Since visual and motor groups of voxels were found to be independent (i.e., movement
selectivity of a voxel does not affect its probability to be visually-selective), the question of how
the clusters of the two modalities are spatially organized remains open. One possible explanation
is that the visually-selective neurons are at different cortical layers than the motor-selective
neurons, with each layer organized separately and independently. An alternative explanation is
that clusters of visually-selective neurons and of motor-selective neurons are interleaved within a
voxel. In this case, each voxel contains both visual and motor clusters. A voxel that is sensitive
to movement more than to visual aspects, for example, simply has more movement-selective
clusters. More research at the neuronal level is required to further address this question.
68
Another issue regarding functional organization is that at a very macroscopic level (cm) M1 is
organized according to body parts (Penfield and Boldrey, 1937; Woolsey et al., 1952). Within
the arm area, despite extensive overlap (Fetz and Cheney, 1980; Cheney and Fetz, 1985; Cheney
et al., 1985; Buys et al., 1986; Lemon et al., 1986; Fetz et al., 1989; Schieber and Hibbard, 1993
etc.), there is an organization according to fingers (Penfield and Rasmussen, 1950) and joints
(Murphy et al., 1978). How does this organization coincide with that according to movement
direction? Is M1 organized according to movement direction outside the arm area as well?

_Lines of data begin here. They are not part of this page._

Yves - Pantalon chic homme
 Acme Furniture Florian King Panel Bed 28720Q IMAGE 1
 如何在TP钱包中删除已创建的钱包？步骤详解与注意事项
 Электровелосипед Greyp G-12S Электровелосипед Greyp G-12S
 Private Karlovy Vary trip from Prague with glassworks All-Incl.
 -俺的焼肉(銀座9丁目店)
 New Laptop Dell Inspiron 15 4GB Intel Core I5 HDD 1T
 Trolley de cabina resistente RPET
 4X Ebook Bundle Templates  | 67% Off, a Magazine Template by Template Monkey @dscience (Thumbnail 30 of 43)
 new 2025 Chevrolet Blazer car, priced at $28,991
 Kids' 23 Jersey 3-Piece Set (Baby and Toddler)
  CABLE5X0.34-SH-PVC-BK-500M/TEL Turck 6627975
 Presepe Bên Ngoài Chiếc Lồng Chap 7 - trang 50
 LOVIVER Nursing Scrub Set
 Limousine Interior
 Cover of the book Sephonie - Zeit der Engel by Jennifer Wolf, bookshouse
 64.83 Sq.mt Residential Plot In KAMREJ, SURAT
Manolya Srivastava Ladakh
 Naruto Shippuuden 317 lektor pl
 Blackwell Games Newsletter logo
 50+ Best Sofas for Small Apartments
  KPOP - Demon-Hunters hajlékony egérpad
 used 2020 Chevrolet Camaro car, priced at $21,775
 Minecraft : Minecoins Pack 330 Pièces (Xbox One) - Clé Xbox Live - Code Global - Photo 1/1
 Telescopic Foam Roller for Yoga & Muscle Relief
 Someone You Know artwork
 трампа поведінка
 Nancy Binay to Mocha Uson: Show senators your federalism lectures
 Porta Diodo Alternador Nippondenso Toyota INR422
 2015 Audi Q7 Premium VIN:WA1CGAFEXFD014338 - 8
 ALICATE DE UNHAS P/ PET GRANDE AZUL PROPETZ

Furthermore, directionally tuned neurons were shown to change their PD while arm movements
in the same direction were made in different parts of extrapersonal space (Caminiti et al., 1990),
with different arm postures (Scott and Kalaska, 1995, 1997) and in different locations in the
workspace (Sergio and Kalaska, 1997, 2003). If neurons can change their PD under different
conditions, this might not be a basic property of the neurons. Does the entire cluster shift its PD?
How does this affect the organization? These questions remain to be answered.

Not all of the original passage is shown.